É um desporto cada vez mais exigente, este de procurar lugar à porta. Mas ainda tem os seus momentos. E é justo que assim seja. Não é coisa para meninos: exige visão periférica apuradíssima, reflexos rápidos, nervos de aço - passar por um espaço vazio a 50 metros do objectivo e resistir à tentação de nos atirarmos para lá como se a nossa vida dependesse disso exige um autocontrolo digno de mestre de artes marciais. Mas por aqui não haveria grande diferença para outras modalidades, muitas delas até com estatuto olímpico.

Não. O que faz aqui a diferença é a inclusão obrigatória neste cocktail de virtudes de uma vertente intelectual. Como se a um tenista fossem exigidos conhecimentos de xadrez, ou um pugilista tivesse de ir respondendo a perguntas de Trivial Pursuit enquanto desferia e esquivava golpes no ringue.

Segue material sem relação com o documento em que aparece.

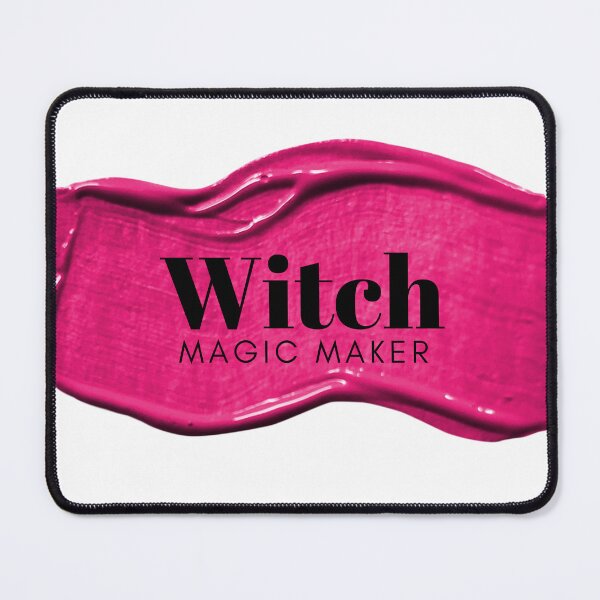 Item preview, Hot Pink Witch designed and sold by 4ofLikeKind.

Oh, sim, um estacionador de nível internacional tem de ser fisicamente brilhante, psicologicamente indestrutível e intelectualmente competente. Ou, pelo menos, informado.

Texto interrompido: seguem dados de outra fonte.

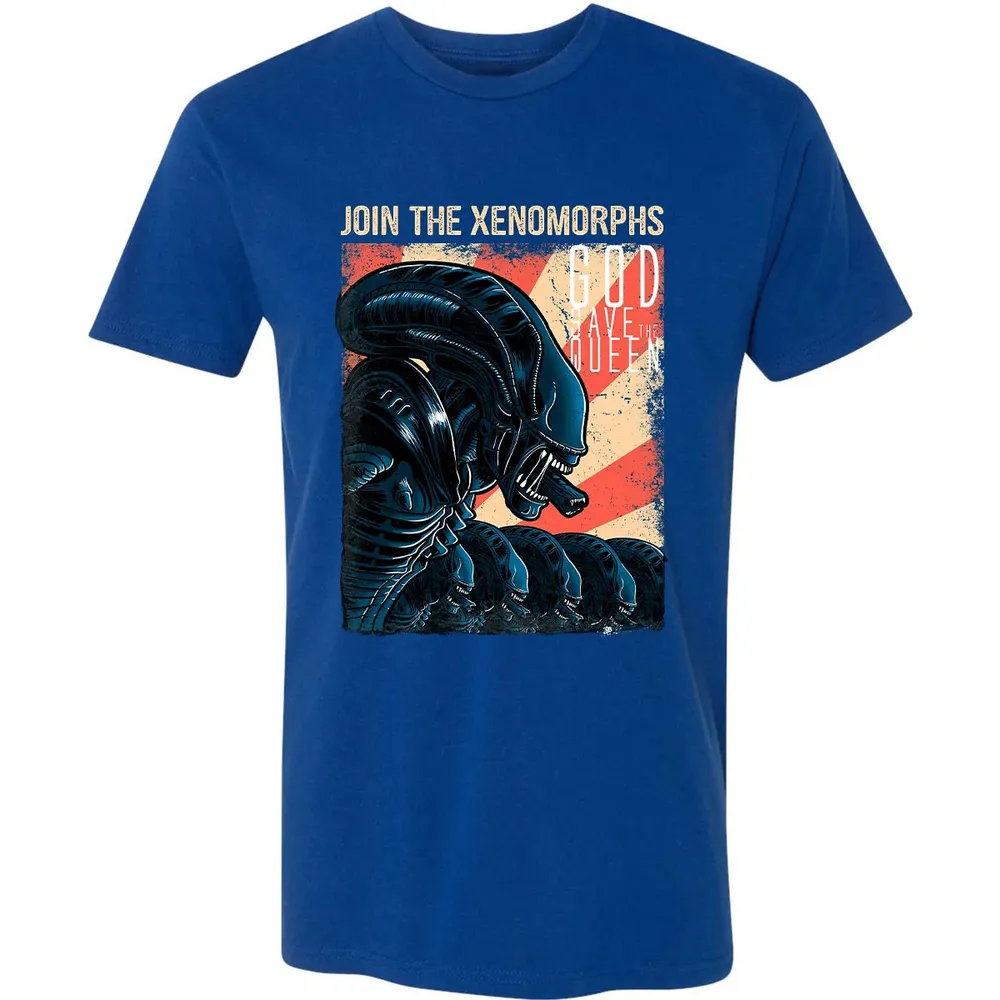 Join The Xenomorphs Premium Unisex T-shirt - 10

E devemos sempre desconfiar. Eu, pelo menos, devia ter desconfiado. Chegar a uma cidade estrangeira e encontrar um lugar mesmo junto à porta do local onde vamos passar a noite deveria deixar-nos a pulga atrás da orelha. O veterano estacionador nunca deve deixar-se deslumbrar pelas suas glórias passadas - esse embotamento paga-se caro em qualquer modalidade de alto risco e a expressão "pagar caro" raramente foi tão bem empregue como aqui.

Ao chegar a San Sebastian não desconfiei. E paguei caro. É claro que tenho atenuantes. Estava em modo de férias, logo com o instinto competitivo algo adormecido. E a tabuleta que consegui ler antes de enfiar o carro naquele belo ninho para passar a noite estava escrita em basco.

Para os menos familiarizados, chegou a altura de uma breve lição de linguística. O basco está classificado pelos especialistas como uma língua isolada; ou seja, citando a Wikipedia: "Um idioma natural sem comprovado parentesco com outra língua registada, não pertencendo a nenhuma família ou tronco linguístico." Outros exemplos de línguas isoladas são o burushaski, o etrusco, o pirarrã, o sumério e o hatti. Será mais fácil tagarelar sobre a meteorologia com um visitante da galáxia de Andrómeda do que ler um sinal de trânsito num destes idiomas.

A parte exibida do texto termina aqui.